Oruç tutabilen, beslenmeyle ilişkili olarak herhangi bir sağlık sorunu olmayan yetişkenlere uygun örnek bir, bir günlük Ramazan menüsü oluşturacak olursak;
SAHUR
1 SU BARDAĞI ILIK, ŞEKERSİZ SÜT (YARIM YAĞLI)
1 KİBRİT KUTUSU BEYAZ PEYNİR (HAFTADA 2-3 KEZ 1 YUMURTA)

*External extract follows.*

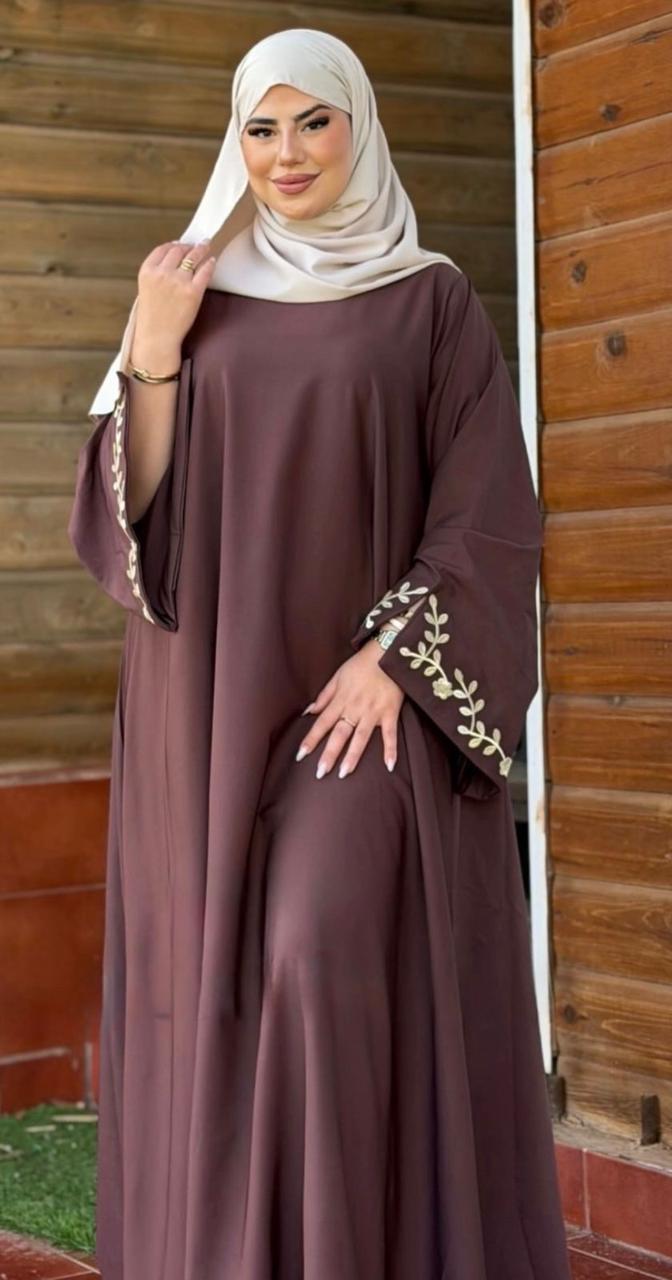 عباءة تسنيم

4-5 ZEYTİN VEYA 5-6 FINDIK VE/VEYA 1-2 CEVİZ İÇİ
SÖĞÜŞ MEVSİM SEBZESİ
2 İNCE DİLİM EKMEK YA DA 1 KÜÇÜK PARÇA PİDE (PEYNİRLE TOST ŞEKLİNDE TÜKETİLEBİLİR)
1 PORSİYON MEYVE
İFTAR (19.00-19.30 GİBİ)
1 PORSİYON ET YEMEĞİ VEYA ETLİ SEBZE YEMEĞİ
1 KEPÇE ÇORBA VEYA 2-3 YEMEK KAŞIĞI PİLAV/MAKARNA VEYA 3 -4YEMEK KAŞIĞI KURUBAKLAGİL YEMEĞİ
2-3 YEMEK KAŞIĞI YOĞURT
BOL SALATA (AZ YAĞLI)
2 İNCE DİLİM EKMEK (TAM BUĞDAY VEYA ÇAVDAR) VEYA 1 KÜÇÜK PARÇA PİDE
ARA*(21.00-22.00 GİBİ)
1 PORSİYON MEYVE
1 SU BARDAĞI SÜT (YARIM YAĞLI)
*BU ÖĞÜNDE, HAFTADA 1-2 KEZ SÜTLÜ TATLILAR TERCİH EDİLEBİLİR.